%%

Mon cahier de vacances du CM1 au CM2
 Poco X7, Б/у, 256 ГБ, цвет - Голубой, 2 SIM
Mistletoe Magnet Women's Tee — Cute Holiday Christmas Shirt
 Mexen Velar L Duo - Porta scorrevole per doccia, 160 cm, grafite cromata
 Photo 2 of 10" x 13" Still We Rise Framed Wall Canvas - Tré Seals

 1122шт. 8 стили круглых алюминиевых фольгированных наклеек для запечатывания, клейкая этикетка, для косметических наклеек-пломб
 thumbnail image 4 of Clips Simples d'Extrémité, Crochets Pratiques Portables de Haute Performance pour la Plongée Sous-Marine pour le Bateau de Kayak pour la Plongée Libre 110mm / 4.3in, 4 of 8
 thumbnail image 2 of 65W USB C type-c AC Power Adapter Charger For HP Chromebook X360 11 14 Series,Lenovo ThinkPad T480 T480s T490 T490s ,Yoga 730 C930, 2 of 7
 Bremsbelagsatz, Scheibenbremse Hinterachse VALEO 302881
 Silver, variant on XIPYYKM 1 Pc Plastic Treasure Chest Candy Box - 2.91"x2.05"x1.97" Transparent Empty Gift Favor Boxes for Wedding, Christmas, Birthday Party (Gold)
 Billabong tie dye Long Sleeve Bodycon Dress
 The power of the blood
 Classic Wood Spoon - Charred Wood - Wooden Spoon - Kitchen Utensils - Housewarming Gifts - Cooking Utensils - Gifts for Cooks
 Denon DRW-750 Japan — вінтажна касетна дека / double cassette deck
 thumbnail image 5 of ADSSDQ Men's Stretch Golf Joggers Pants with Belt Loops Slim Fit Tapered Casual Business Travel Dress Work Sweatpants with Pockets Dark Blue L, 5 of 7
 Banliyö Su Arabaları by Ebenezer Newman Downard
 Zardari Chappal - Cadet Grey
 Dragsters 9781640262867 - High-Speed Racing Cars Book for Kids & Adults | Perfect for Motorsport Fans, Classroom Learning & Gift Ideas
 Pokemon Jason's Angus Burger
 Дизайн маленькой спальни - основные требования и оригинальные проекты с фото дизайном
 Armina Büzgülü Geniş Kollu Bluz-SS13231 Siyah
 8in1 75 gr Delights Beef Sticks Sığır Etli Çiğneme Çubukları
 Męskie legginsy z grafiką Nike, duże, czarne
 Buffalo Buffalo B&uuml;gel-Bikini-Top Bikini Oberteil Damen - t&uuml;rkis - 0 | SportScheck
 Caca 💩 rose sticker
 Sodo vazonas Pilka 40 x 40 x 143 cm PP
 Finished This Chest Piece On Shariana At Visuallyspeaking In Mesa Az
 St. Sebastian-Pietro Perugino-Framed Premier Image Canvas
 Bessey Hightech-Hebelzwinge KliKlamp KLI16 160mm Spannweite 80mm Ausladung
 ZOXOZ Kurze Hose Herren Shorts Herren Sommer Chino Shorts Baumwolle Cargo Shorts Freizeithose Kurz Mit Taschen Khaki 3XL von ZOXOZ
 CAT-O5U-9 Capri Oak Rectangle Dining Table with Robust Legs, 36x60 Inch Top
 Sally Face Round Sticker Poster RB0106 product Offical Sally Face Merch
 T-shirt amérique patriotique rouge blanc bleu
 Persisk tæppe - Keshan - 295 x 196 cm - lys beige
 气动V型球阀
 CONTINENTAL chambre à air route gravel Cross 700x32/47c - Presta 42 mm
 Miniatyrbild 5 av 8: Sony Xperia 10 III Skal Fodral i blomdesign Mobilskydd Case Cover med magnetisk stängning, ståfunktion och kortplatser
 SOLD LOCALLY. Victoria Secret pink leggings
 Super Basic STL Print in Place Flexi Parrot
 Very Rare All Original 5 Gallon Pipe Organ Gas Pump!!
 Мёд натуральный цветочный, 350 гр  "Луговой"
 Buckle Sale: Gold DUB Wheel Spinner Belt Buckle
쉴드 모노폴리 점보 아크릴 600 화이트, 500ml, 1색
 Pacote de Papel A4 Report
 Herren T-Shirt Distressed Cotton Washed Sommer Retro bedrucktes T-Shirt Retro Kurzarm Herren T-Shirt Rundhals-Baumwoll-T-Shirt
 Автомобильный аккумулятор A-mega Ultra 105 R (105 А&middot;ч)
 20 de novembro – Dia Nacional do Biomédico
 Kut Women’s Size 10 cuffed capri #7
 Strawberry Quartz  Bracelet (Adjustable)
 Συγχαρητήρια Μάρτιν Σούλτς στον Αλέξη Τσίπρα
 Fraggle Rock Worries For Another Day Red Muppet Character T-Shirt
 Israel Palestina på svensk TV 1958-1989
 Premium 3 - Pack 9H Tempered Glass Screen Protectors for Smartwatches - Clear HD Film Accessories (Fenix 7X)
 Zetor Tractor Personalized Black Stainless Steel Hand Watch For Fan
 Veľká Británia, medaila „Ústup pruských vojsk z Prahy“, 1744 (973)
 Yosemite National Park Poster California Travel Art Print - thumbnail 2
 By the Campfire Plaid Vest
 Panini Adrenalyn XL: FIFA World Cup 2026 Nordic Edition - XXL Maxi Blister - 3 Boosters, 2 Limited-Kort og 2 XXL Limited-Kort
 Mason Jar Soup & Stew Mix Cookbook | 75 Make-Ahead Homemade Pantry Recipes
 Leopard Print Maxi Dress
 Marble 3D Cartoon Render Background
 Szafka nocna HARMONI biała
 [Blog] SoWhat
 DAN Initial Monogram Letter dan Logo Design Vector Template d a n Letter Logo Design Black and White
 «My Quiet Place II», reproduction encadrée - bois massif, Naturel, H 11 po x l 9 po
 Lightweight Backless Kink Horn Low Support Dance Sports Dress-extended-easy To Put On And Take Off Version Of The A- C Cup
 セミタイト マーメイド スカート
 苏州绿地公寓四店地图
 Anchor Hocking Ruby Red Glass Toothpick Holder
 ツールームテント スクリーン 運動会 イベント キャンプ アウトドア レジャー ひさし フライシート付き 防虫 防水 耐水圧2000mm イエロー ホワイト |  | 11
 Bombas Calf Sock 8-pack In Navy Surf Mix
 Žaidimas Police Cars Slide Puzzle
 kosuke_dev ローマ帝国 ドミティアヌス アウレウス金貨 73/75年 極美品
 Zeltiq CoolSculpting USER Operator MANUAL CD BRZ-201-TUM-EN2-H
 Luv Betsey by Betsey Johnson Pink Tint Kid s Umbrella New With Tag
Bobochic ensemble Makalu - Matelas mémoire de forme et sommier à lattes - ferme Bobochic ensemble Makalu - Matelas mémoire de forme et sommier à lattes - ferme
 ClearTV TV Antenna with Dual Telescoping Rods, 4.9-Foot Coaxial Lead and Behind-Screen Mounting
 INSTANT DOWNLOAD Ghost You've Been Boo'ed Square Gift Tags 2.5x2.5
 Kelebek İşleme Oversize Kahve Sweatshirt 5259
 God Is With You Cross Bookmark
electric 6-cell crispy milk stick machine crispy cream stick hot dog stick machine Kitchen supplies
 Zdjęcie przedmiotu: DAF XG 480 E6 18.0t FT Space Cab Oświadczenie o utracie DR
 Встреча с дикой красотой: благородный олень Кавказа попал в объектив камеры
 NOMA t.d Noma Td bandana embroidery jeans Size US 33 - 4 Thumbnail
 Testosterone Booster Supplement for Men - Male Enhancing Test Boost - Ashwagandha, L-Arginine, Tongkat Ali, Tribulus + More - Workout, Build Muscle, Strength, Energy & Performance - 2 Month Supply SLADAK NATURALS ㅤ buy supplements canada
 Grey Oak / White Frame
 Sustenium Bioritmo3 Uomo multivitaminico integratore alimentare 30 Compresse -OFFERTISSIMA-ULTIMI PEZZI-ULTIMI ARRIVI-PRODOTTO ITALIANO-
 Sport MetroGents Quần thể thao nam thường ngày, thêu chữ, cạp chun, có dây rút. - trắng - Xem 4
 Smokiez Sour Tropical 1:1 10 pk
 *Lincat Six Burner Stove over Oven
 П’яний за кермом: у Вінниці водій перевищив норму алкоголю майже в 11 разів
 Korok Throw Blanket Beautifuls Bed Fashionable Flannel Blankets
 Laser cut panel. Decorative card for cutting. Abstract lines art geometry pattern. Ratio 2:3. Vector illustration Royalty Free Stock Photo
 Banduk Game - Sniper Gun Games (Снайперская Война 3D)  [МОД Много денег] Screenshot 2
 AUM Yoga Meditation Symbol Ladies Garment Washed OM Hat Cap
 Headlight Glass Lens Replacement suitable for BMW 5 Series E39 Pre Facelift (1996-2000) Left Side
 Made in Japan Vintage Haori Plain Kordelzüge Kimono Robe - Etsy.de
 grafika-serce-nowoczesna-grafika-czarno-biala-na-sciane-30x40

%%

Aim of the exercise: Please copy, without any change, the lines of the material from the first through the one containing "8in1 75 gr Delights". Write nothing else.

Exercise output:
Mon cahier de vacances du CM1 au CM2
 Poco X7, Б/у, 256 ГБ, цвет - Голубой, 2 SIM
Mistletoe Magnet Women's Tee — Cute Holiday Christmas Shirt
 Mexen Velar L Duo - Porta scorrevole per doccia, 160 cm, grafite cromata
 Photo 2 of 10" x 13" Still We Rise Framed Wall Canvas - Tré Seals

 1122шт. 8 стили круглых алюминиевых фольгированных наклеек для запечатывания, клейкая этикетка, для косметических наклеек-пломб
 thumbnail image 4 of Clips Simples d'Extrémité, Crochets Pratiques Portables de Haute Performance pour la Plongée Sous-Marine pour le Bateau de Kayak pour la Plongée Libre 110mm / 4.3in, 4 of 8
 thumbnail image 2 of 65W USB C type-c AC Power Adapter Charger For HP Chromebook X360 11 14 Series,Lenovo ThinkPad T480 T480s T490 T490s ,Yoga 730 C930, 2 of 7
 Bremsbelagsatz, Scheibenbremse Hinterachse VALEO 302881
 Silver, variant on XIPYYKM 1 Pc Plastic Treasure Chest Candy Box - 2.91"x2.05"x1.97" Transparent Empty Gift Favor Boxes for Wedding, Christmas, Birthday Party (Gold)
 Billabong tie dye Long Sleeve Bodycon Dress
 The power of the blood
 Classic Wood Spoon - Charred Wood - Wooden Spoon - Kitchen Utensils - Housewarming Gifts - Cooking Utensils - Gifts for Cooks
 Denon DRW-750 Japan — вінтажна касетна дека / double cassette deck
 thumbnail image 5 of ADSSDQ Men's Stretch Golf Joggers Pants with Belt Loops Slim Fit Tapered Casual Business Travel Dress Work Sweatpants with Pockets Dark Blue L, 5 of 7
 Banliyö Su Arabaları by Ebenezer Newman Downard
 Zardari Chappal - Cadet Grey
 Dragsters 9781640262867 - High-Speed Racing Cars Book for Kids & Adults | Perfect for Motorsport Fans, Classroom Learning & Gift Ideas
 Pokemon Jason's Angus Burger
 Дизайн маленькой спальни - основные требования и оригинальные проекты с фото дизайном
 Armina Büzgülü Geniş Kollu Bluz-SS13231 Siyah
 8in1 75 gr Delights Beef Sticks Sığır Etli Çiğneme Çubukları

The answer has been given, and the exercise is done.